-------- EXTRACTED DATA --------

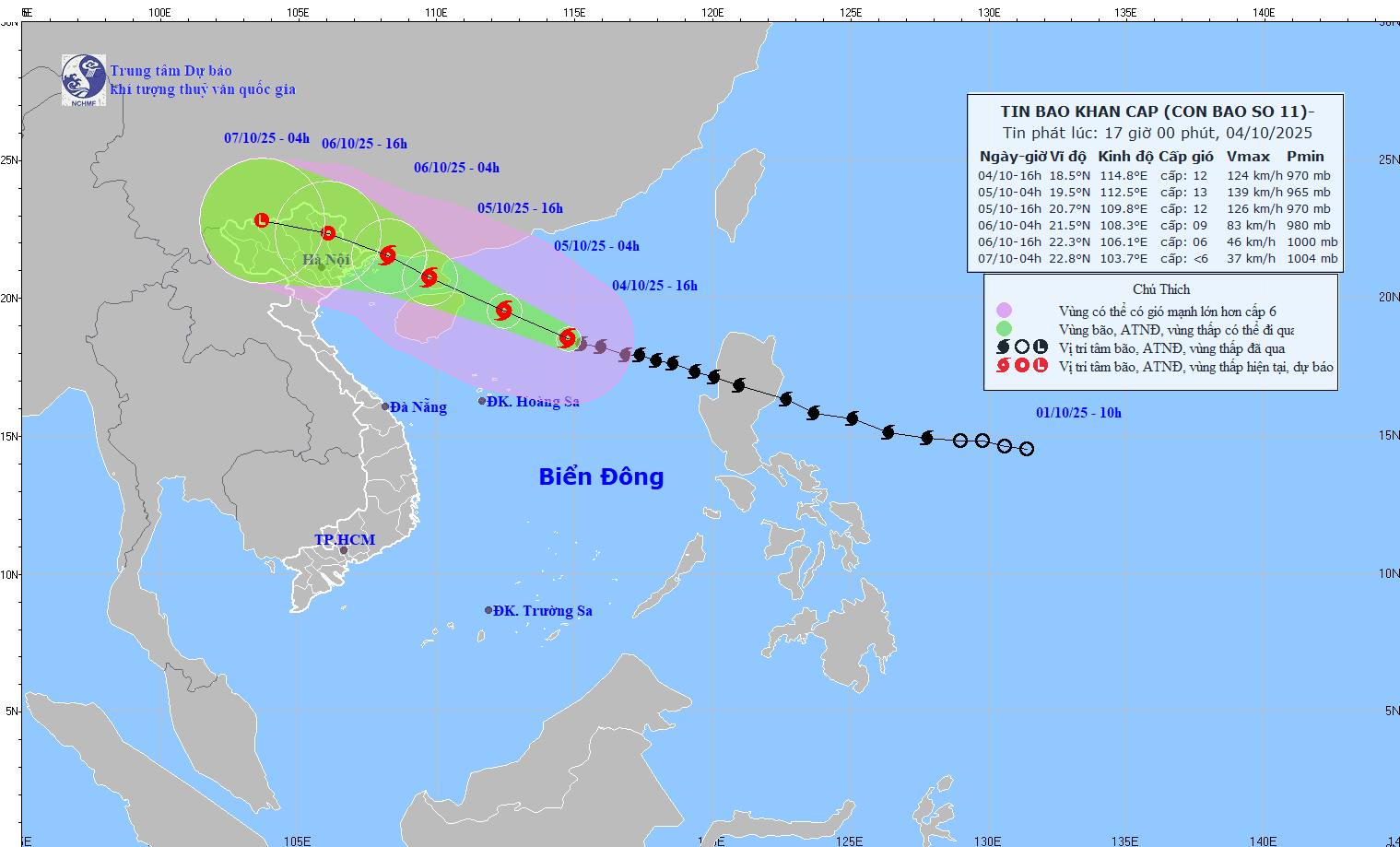 Forecast of the path and area affected by storm No. 11 Matmo. Photo: NCHMF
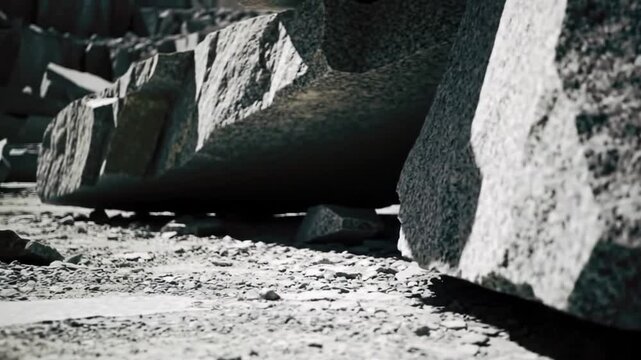 Granite Blocks Formation With Ground Background In Quarry Place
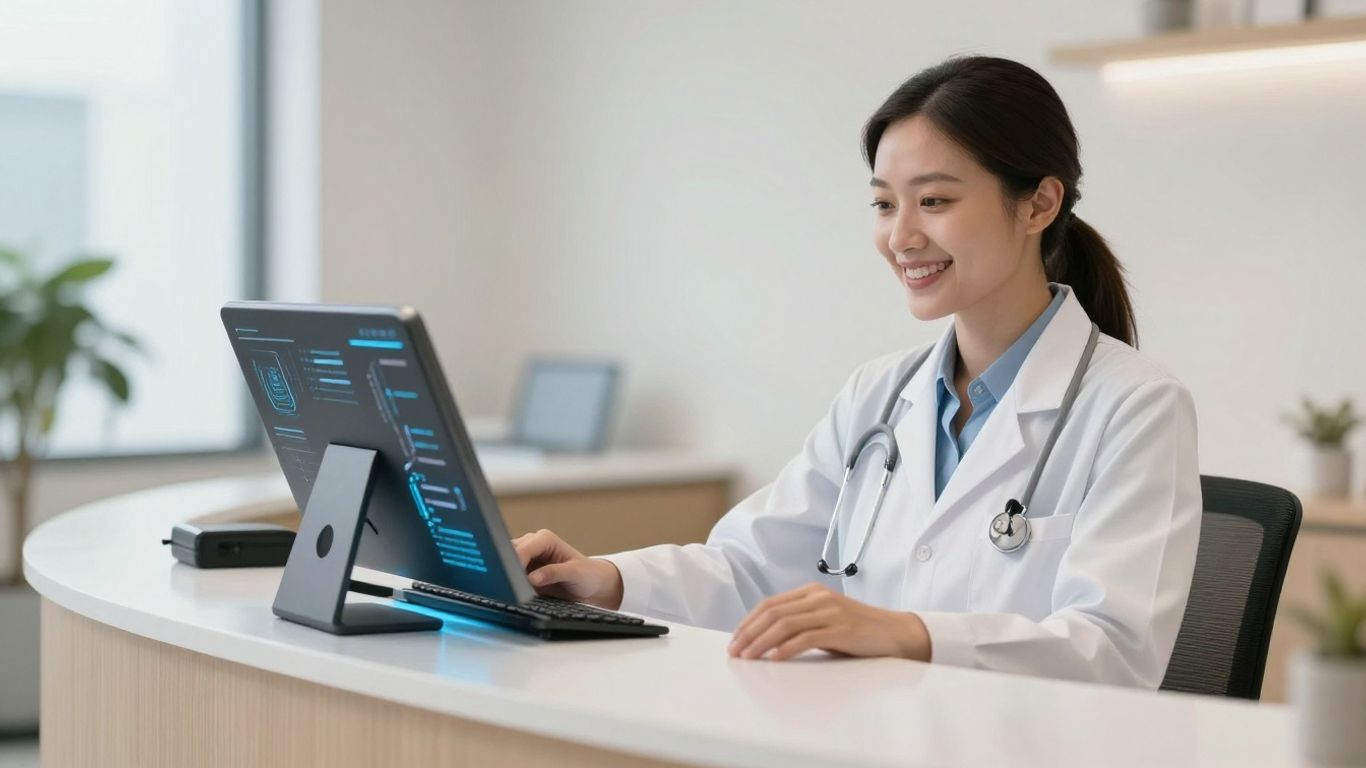 Doctor's office receptionist using AI for call handling.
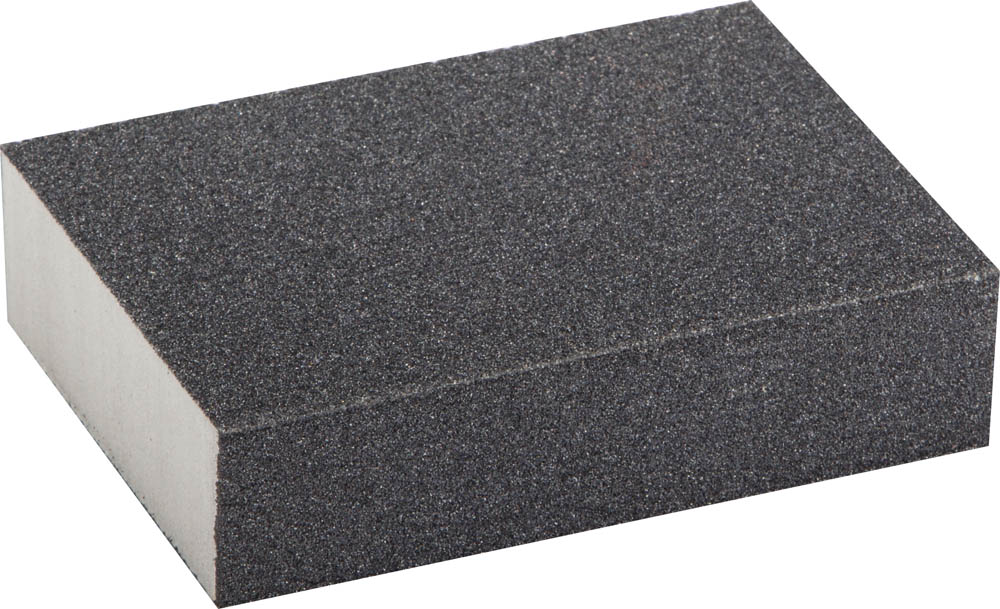 Губка шлифовальная ''ЭКСПЕРТ'' четырехсторонняя, SiC, средняя жесткость, Р120, 100х68х26 мм
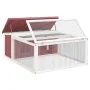 Conejera de madera maciza de pino moca 117,5x97x47,5 cm by , Cages and habitats for small animals - Ref: Foro24-172288, Price...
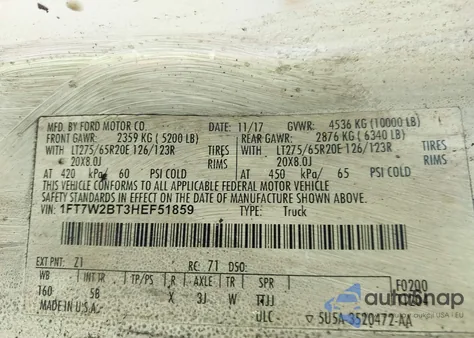 2017 Ford F-250 Lariat from USA, damaged, VIN 1FT7W2BT3HEF51859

--------

- **WHAT THE EXERCISE ASKS**: Starting from the line that has "Conejera de madera" and ending at the last line of the material above, every line should be output exactly; pictures are dropped and nothing else appears.

- **EXERCISE OUTPUT**:
 Conejera de madera maciza de pino moca 117,5x97x47,5 cm by , Cages and habitats for small animals - Ref: Foro24-172288, Price...
 2017 Ford F-250 Lariat from USA, damaged, VIN 1FT7W2BT3HEF51859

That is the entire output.